**Aim of the exercise:**
For the material below, output exactly the span from the line with "Maracas avec palmier" to the line with "картошка с сыром и майонезом в духовке", including both, and nothing besides.

**Recorded information:**
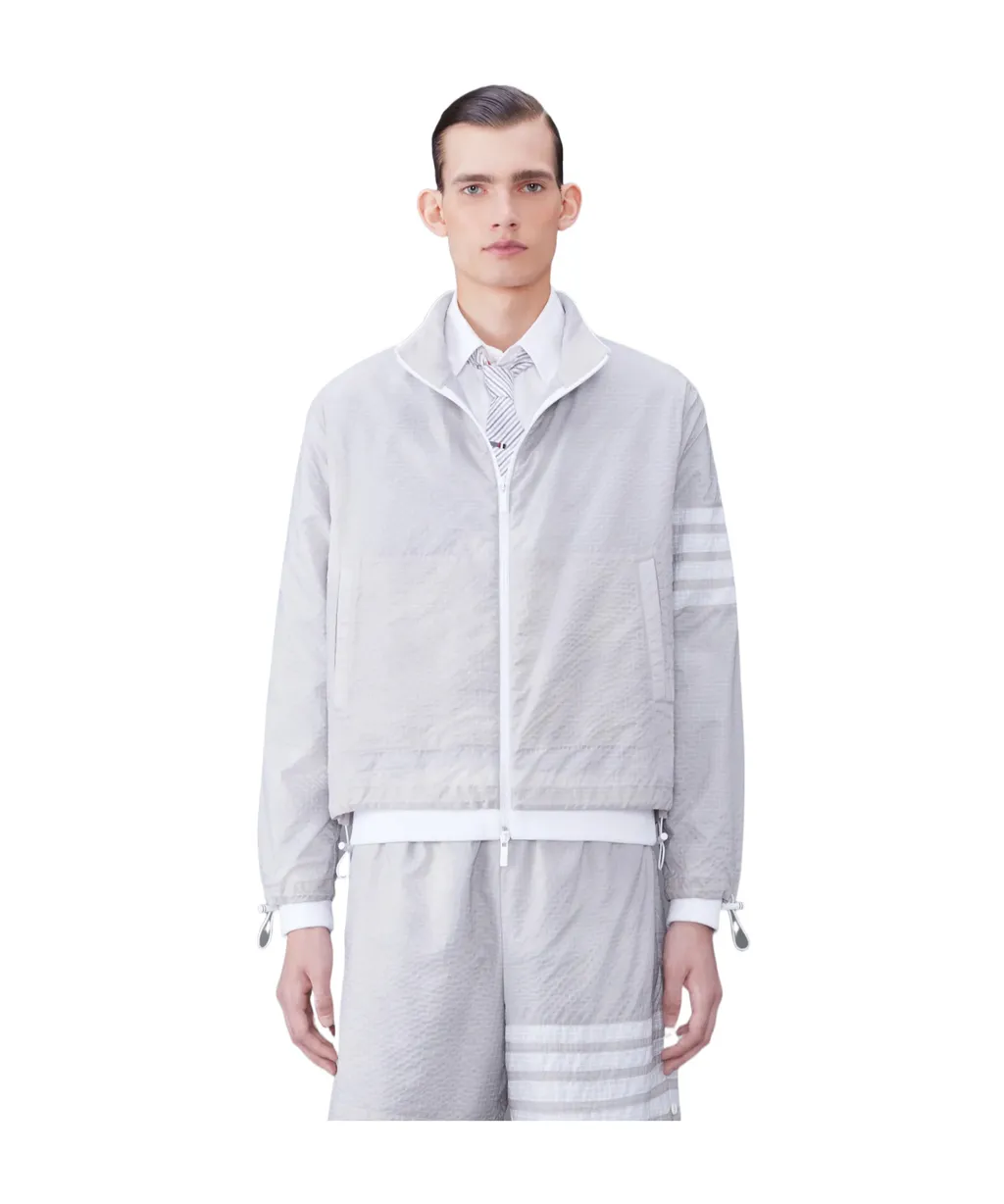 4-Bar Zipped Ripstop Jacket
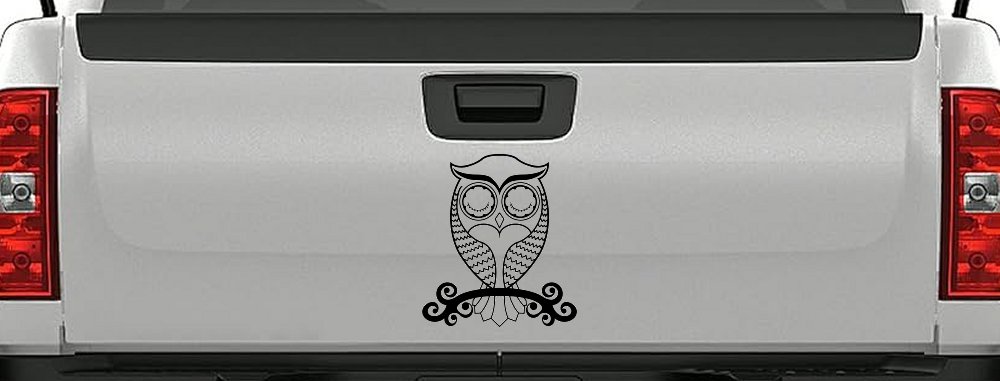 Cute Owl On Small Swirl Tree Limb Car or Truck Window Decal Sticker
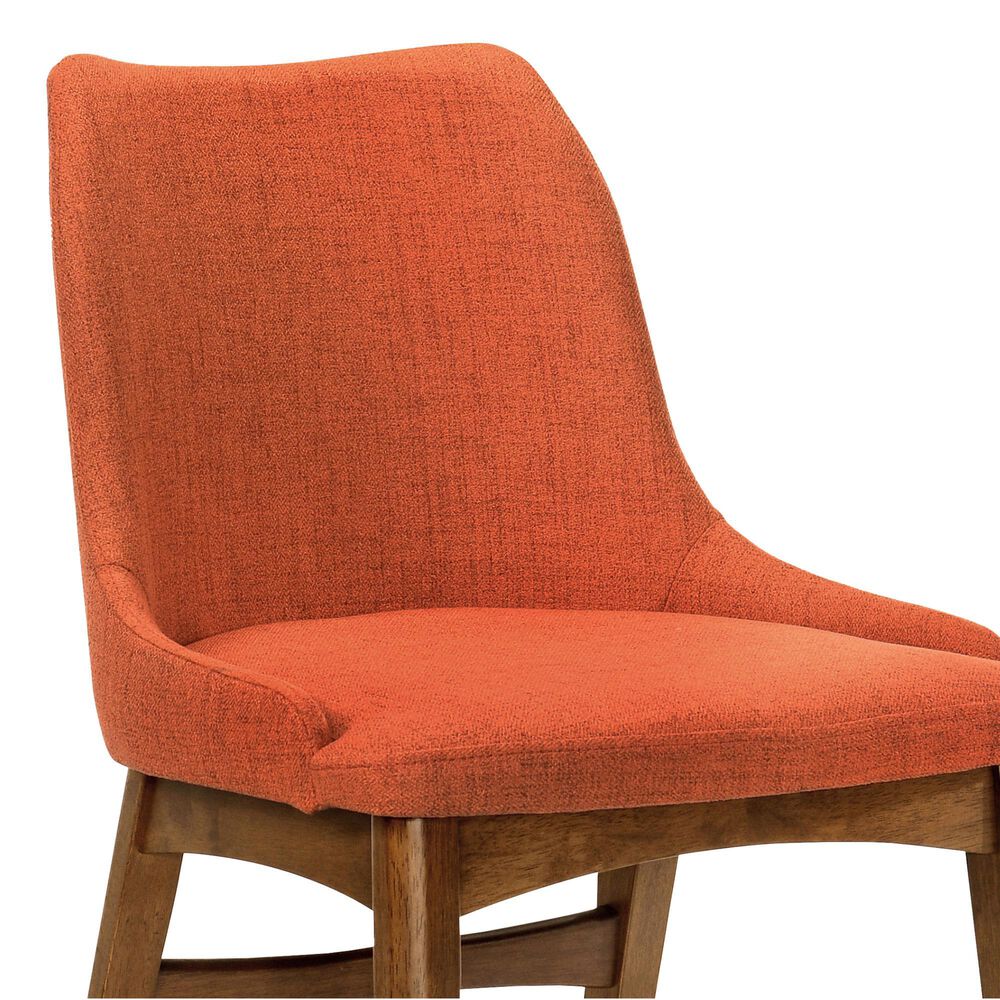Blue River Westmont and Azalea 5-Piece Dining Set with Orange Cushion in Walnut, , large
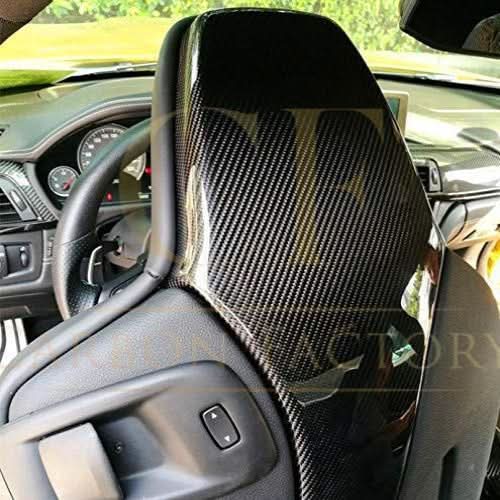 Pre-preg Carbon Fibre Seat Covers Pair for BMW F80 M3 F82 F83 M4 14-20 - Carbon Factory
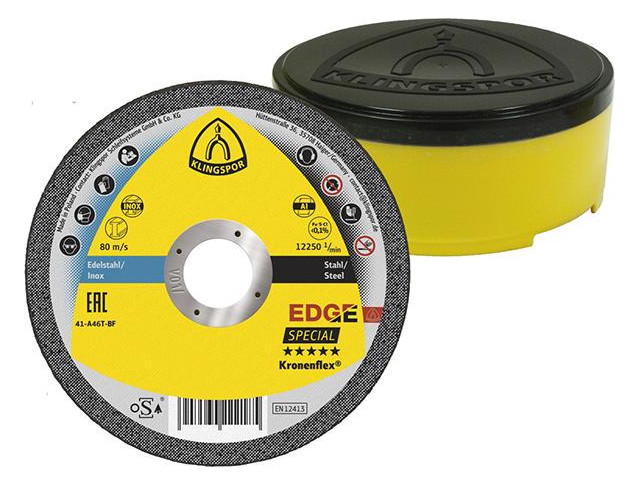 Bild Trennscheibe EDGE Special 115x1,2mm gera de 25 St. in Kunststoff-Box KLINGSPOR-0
---
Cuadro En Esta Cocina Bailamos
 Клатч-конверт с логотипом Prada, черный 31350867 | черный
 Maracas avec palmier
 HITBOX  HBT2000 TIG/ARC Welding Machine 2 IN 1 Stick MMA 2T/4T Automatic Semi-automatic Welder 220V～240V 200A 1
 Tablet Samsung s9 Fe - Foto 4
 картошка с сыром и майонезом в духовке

**Response box:**
 Maracas avec palmier
 HITBOX  HBT2000 TIG/ARC Welding Machine 2 IN 1 Stick MMA 2T/4T Automatic Semi-automatic Welder 220V～240V 200A 1
 Tablet Samsung s9 Fe - Foto 4
 картошка с сыром и майонезом в духовке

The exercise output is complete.